To innovate systems of replication that more effectively and efficiently spread and scale models of care, we must simultaneously innovate systems of adaptation and have the two work in synchrony. These must occur together since, in practice, they proceed very nearly at the same time and in the same place. Two systems? Or one? Some might argue that a new generation of “replication” systems could simply incorporate the concept of adaptation within them – replication now needing to address not only fidelity, but also adaptation. Perhaps. But this would likely lead to a linguistic and cognitive bias in which the classical meanings associated with replication are automatically assigned more importance than the newly engrafted concept of adaptation.

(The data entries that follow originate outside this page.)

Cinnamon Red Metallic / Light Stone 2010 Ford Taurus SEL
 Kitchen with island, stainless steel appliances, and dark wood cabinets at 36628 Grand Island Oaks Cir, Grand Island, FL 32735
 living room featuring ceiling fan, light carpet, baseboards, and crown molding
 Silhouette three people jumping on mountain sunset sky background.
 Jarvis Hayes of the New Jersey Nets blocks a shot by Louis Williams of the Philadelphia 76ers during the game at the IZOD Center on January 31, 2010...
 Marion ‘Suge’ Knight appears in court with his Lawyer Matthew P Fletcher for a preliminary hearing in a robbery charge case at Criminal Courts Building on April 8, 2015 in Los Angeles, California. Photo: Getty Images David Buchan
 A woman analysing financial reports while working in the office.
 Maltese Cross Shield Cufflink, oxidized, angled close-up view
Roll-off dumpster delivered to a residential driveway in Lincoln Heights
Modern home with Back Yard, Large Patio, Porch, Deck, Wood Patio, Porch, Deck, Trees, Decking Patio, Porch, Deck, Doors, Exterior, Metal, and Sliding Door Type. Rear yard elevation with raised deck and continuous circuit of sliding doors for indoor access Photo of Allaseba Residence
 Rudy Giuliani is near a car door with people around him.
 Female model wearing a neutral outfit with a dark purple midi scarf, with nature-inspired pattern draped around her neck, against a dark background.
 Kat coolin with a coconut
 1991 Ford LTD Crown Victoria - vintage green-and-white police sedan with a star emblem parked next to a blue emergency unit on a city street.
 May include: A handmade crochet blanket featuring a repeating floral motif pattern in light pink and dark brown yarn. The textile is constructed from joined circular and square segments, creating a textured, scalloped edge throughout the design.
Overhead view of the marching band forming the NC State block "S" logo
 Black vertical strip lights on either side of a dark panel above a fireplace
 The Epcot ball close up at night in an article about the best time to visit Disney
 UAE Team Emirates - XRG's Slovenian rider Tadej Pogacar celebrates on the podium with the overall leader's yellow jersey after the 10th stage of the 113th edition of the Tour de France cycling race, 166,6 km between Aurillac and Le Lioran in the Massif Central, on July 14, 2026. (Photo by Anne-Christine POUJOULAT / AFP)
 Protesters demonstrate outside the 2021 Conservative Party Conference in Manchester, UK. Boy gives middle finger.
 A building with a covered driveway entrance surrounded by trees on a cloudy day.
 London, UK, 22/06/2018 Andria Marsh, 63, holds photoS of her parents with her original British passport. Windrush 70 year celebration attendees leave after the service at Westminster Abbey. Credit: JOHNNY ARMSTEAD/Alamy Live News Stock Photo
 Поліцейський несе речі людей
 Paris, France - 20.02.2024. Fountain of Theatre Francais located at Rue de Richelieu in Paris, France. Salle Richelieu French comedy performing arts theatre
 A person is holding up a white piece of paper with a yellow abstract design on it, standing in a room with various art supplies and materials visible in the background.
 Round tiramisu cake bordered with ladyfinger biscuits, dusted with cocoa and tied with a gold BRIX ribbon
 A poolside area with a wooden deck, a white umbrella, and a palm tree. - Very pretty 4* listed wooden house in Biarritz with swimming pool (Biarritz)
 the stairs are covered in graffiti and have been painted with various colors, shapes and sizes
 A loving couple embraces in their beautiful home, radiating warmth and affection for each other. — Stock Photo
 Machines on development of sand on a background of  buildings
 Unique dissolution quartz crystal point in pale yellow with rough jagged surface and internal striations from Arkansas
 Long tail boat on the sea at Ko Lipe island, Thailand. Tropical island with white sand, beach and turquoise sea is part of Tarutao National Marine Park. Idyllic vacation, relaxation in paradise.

Instead, we could conceive of a single system of replidaption that facilitates both replication and adaptation simultaneously in a manner that sees both as critical variables in an optimization function – not in opposition to one another – but interrelated, with each contributing to the success of sites adopting and implementing a new model of care.
If there is utility in the term replidaption, it is not in the cleverness of its word play. A portmanteau of “replication” and “adaptation”, the power of the term is in changing the way we think and innovate – to one that is more integrated, holistic, and effective. To be useful, this way of thinking must ultimately offer some advantage to those deciding to design systems of replidaption rather than systems of spread that continue to struggle to reconcile the duality of replication and adaptation as separate and competing processes.
I think replidaption could prove to be a very useful term and mental construct because it is more likely to compel model innovators to think about how to apply their knowledge to optimize adaptation at each unit of spread; not simply whether or how much adaption to allow, but specifically how to adapt in ways most likely to preserve model effectiveness. At the same time, the construct calls upon adopters to play a more active role in providing an understanding of site context and the necessary inputs for adaptation while simultaneously stretching to achieve fidelity. I and the team at HQP are excited to collaborate with others, to further develop the concept and methods of replidaption and to design systems of replidaption that can be put to the test.